Top of The data
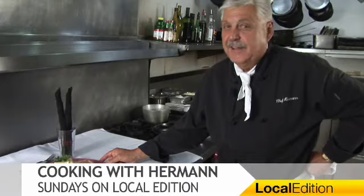See you next week. Have fun. Easy to do. Bye-bye. And for more on this week's recipe and other great recipes from Chef Herman, you can head online to local-edition.com. That wraps up this Local Edition. Thanks for watching.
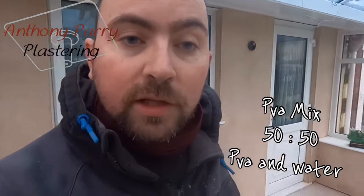What I've done is I've mixed some PVA with some water — just watered down some PVA — and what I'm going to do is paint it on the floor now just to seal it all up before I do some self-leveling.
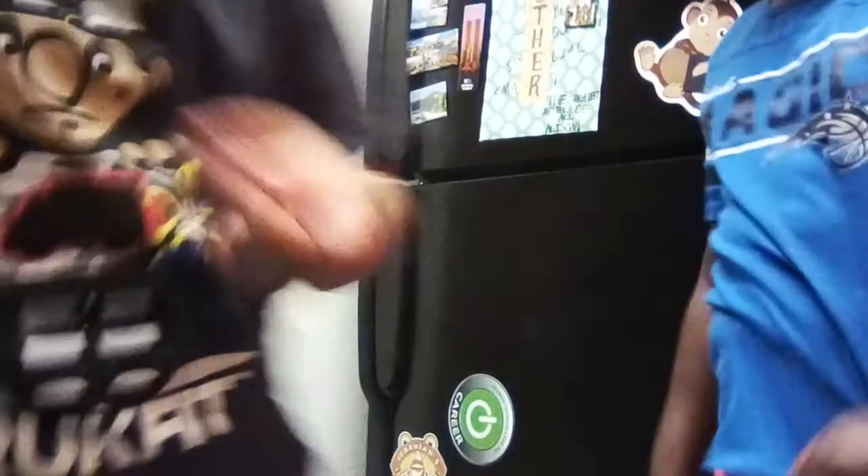Today we're going to make some chocolate frozen pretzels. We already got nine on the plate — we're doing three Nutella, three Hershey syrup, and three with M&Ms, because three plus three plus three is nine. We already have the pretzels on the plate.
Bottom of The data
Omit any images, then output the listing exactly.

See you next week. Have fun. Easy to do. Bye-bye. And for more on this week's recipe and other great recipes from Chef Herman, you can head online to local-edition.com. That wraps up this Local Edition. Thanks for watching.
What I've done is I've mixed some PVA with some water — just watered down some PVA — and what I'm going to do is paint it on the floor now just to seal it all up before I do some self-leveling.
Today we're going to make some chocolate frozen pretzels. We already got nine on the plate — we're doing three Nutella, three Hershey syrup, and three with M&Ms, because three plus three plus three is nine. We already have the pretzels on the plate.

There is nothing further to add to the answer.